Monday, 10 April 2017

Boston 1915: The City That Is To Be

"Insisting that the city needed only to cultivate cooperation and wise planning in order to build a better world, the movement's optimistic leaders hoped the promise of this glimmering future could unite commercial tycoons and labor organizers, clergymen and politicians, Harvard professors and immigrant families." (https://www.bostonglobe.com/ideas/2015/01/02/how-boston-dreamed-its-future-century-ago/28AZpbZkcrp8fgbS4PawpL/story.html)


The campaign, called Boston-1915, is little-remembered today, but it was a movement with great sweep and ambition. They launched publicity campaigns and publications, including a reform-minded magazine called New Boston, and began an assault on urban problems from almost every possible angle.

The New Boston magazine circa 1911 includes the "Boston 1915" plan to revitalize the city courtesy https://www.bostonglobe.com/ideas/2015/01/02/how-boston-dreamed-its-future-century-ago/28AZpbZkcrp8fgbS4PawpL/picture.html?p1=Article_Gallery.




Boston was a city on the move.  From 1860 to 1910, its population had nearly doubled.  The establishment, previously run by old line Yankees, was being challenged by immigrants and working class families.  The gap between rich and poor widened as housing prices grew and living spaces shrunk.  The city feared that without major changes, it would lose its ranking as an enlightened, yet bustling, metropolis.



                                Leaders convened a committee on housing, which took aim at the private real estate market and the tenement owners who devoured workers’ wages, proposing strict building codes and better inspections.




Businessman Edward Filene and lawyer/journalist Louis Brandeis championed the Boston 1915 urban renewal project.  Forty years of unregulated capitalism had produced a city that was undesirable to live in.  The planners maintained that one could not separate the city's commercial and social elements and therefore devised a plan that would meet both needs.  Looking at the run down tenements in the city centre, they proposed strict building codes.  Another suggestion was for the city to "finance downtown subways and rural trolleys to connect good housing with good jobs".


                        


Rural trolleys connecting "good jobs with good housing" circa early 1900's courtesy https://www.bostonglobe.com/ideas/2015/01/02/boston-future-early-century/uMA0jiwmk1LKTu7BGTfdpL/story.html?pic=7.

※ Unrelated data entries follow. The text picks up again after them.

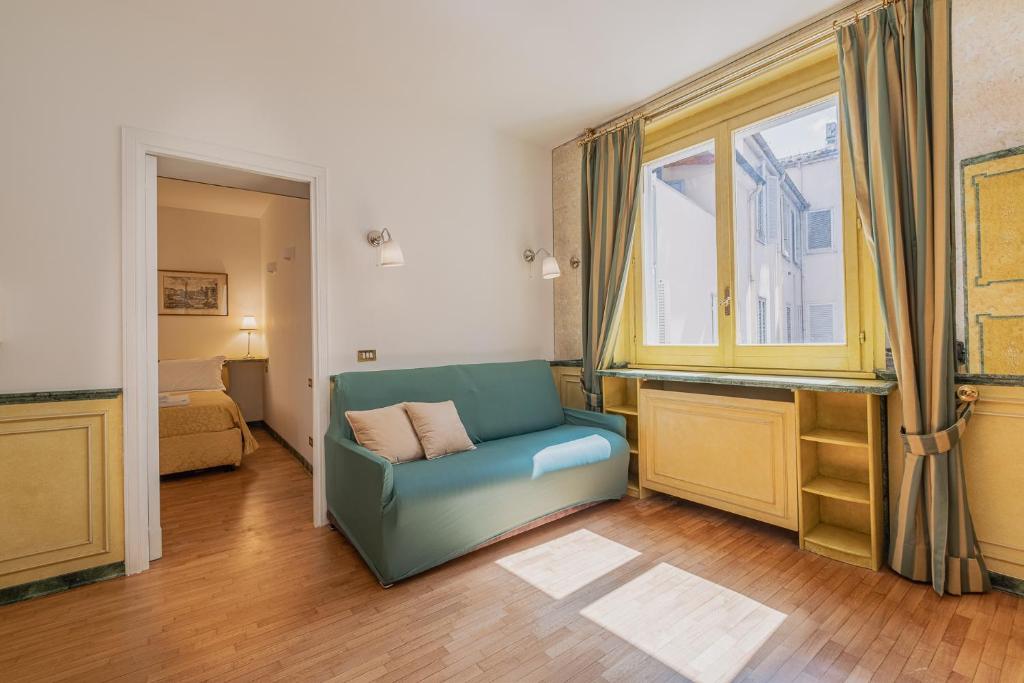 a living room with a blue chair and a window at Elegant apartment inside the Roman Forum in Rome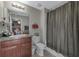 Bathroom with shower/tub combo, toilet and vanity at 7404 Mill Hopper Ct, Palmetto, FL 34221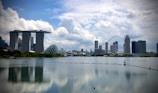 A scenic cityscape featuring a prominent skyline with modern architectural landmarks, such as a unique three-tower structure connected by a rooftop. A large Ferris wheel stands out amidst other skyscrapers. The scene is set against a backdrop of fluffy white clouds in a bright blue sky, reflecting on the calm water surface below.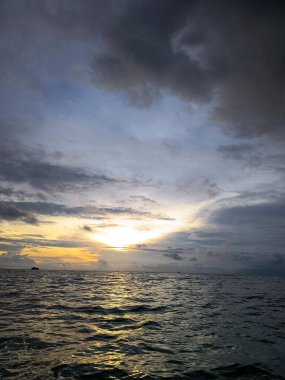 Sakin denizin üzerinde altın bir günbatımının yansıması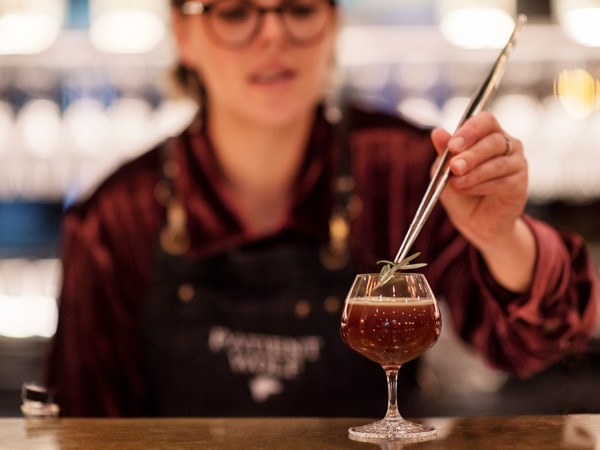 Mixologist serves a cocktail at Patient Wolf in Melbourne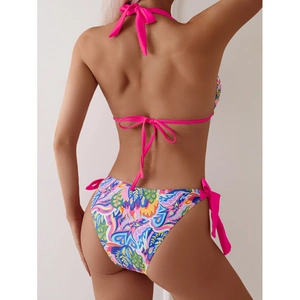 Vibrant abstract print bikini set with halter neck and side tie bottoms shown from the back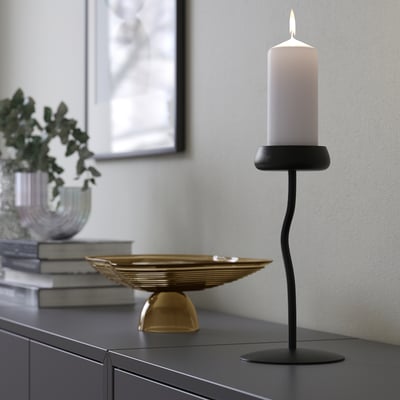 A modern black candlestick holds a white lit candle on a dark surface, offering mood lighting.
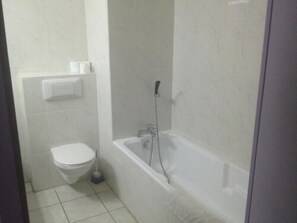 A small, clean bathroom with a toilet, a sink, and a bathtub.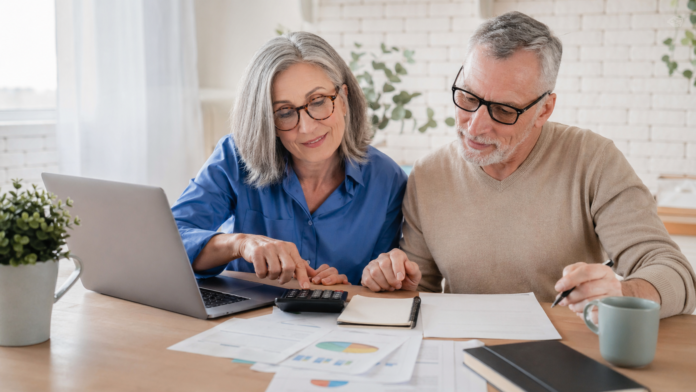 Casal de adultos analisando documentos financeiros em uma mesa com calculadora e laptop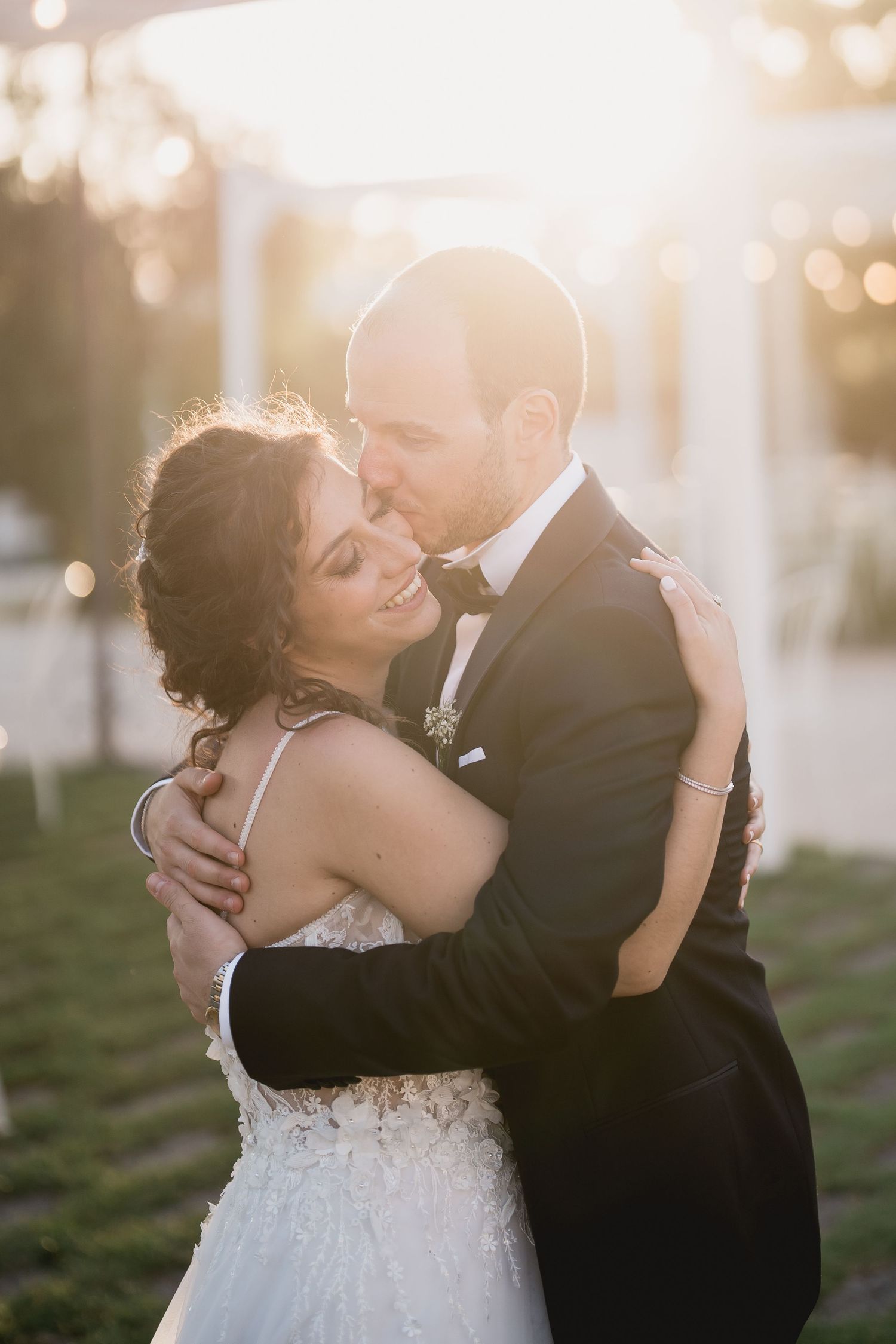 A romantic sunset embrace between newlyweds with soft bokeh lighting.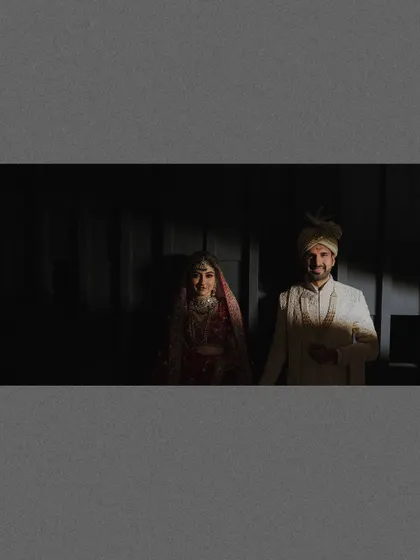 A dramatic, high-contrast shot of the couple emerging from the shadows. The play of light is central to this artistic and moody portrait.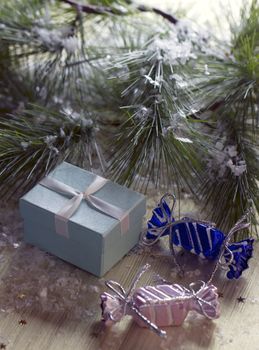 Gift box stands near the snow-covered trees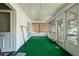 Enclosed porch with green carpet, white walls, and lots of windows at 1704 4Th W St, Palmetto, FL 34221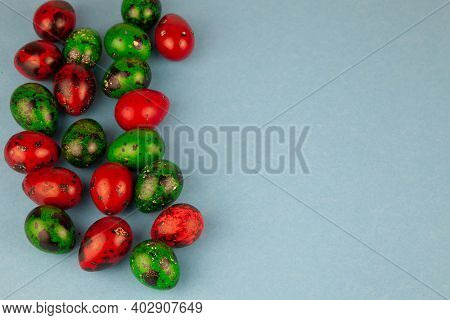 Multicolored Quail Eggs Green And Red On A Blue Background With Place For Text. Happy Easter Postcar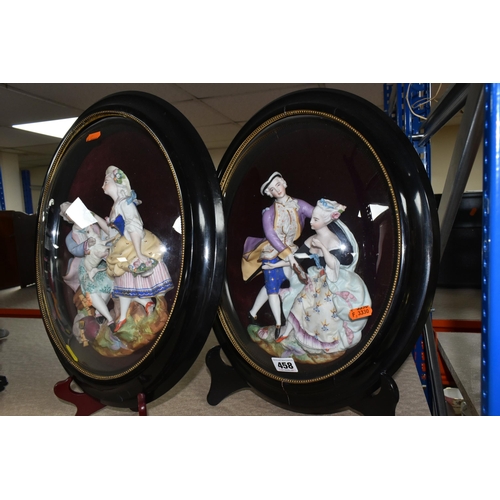 458 - A PAIR OF FRAMED AND GLAZED RELIEF PORCELAIN FIGURE GROUPS, each depicting a courting couple, mounte...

There was a socialist, "cradle-to-the-grave" element to their rhetoric:  "We propose that it shall be possible for a willing worker earning an average wage to live, himself and his family, healthfully and comfortably; to bring up his children in good surroundings; to educate them so they may be truly useful, good citizens; and to lay aside enough to provide himself and his wife in their old age."




Jewish businessman and philanthropist Edward Filene believed in all Bostonians working together, commercial and government, Jews and Catholics, rich and poor, to make a better Boston courtesy http://archivesofthecentury.org/myportfolio/edward-filene/.



In 1909, a Copley Square exhibit gave the public images of what Boston 1915 would look like.  One exhibit served as a metaphor for civic cooperation:  one set of rotating discs spun disconnectedly, failing to move the hands of a clock; the other set worked together and successfully moved the clock forward.  Another exhibit featured "talking arc lights" while the "parks and playgrounds' exhibit included zoo, aquarium and freshwater garden.  A third displayed a regional transit systems connecting all corners of the city.


Insisting that the city needed only to cultivate cooperation and wise planning in order to build a better world, optimistic leaders behind the exhibit hoped the promise of this glimmering future could unite commercial tycoons and labor organizers, clergymen and politicians, Harvard professors, and immigrant families.



Mayor John Fitzgerald, the grandfather of President John F. Kennedy, stated:  "The time has gone by when our whole duty as citizens consisted of the casting of a ballot and the payment of a tax bill."  Filene, one of Boston's richest businessman, called for the Boston 1915 planners and the labour unions to work together in a common cause.  Brandeis, the journalist, created a new publication New Boston with the article "What a City Plan Could Do for Boston".  For more on John Fitzgerald, visit http://www.jphs.org/20thcentury/woodbourne-and-the-boston-1915-movement.html.



These issues have largely remained with Boston as 2015 begins. Increasingly we find ourselves in what historian Daniel Rodgers calls an “age of fracture,” as the glue of commonality dissolves and our shared future falls apart.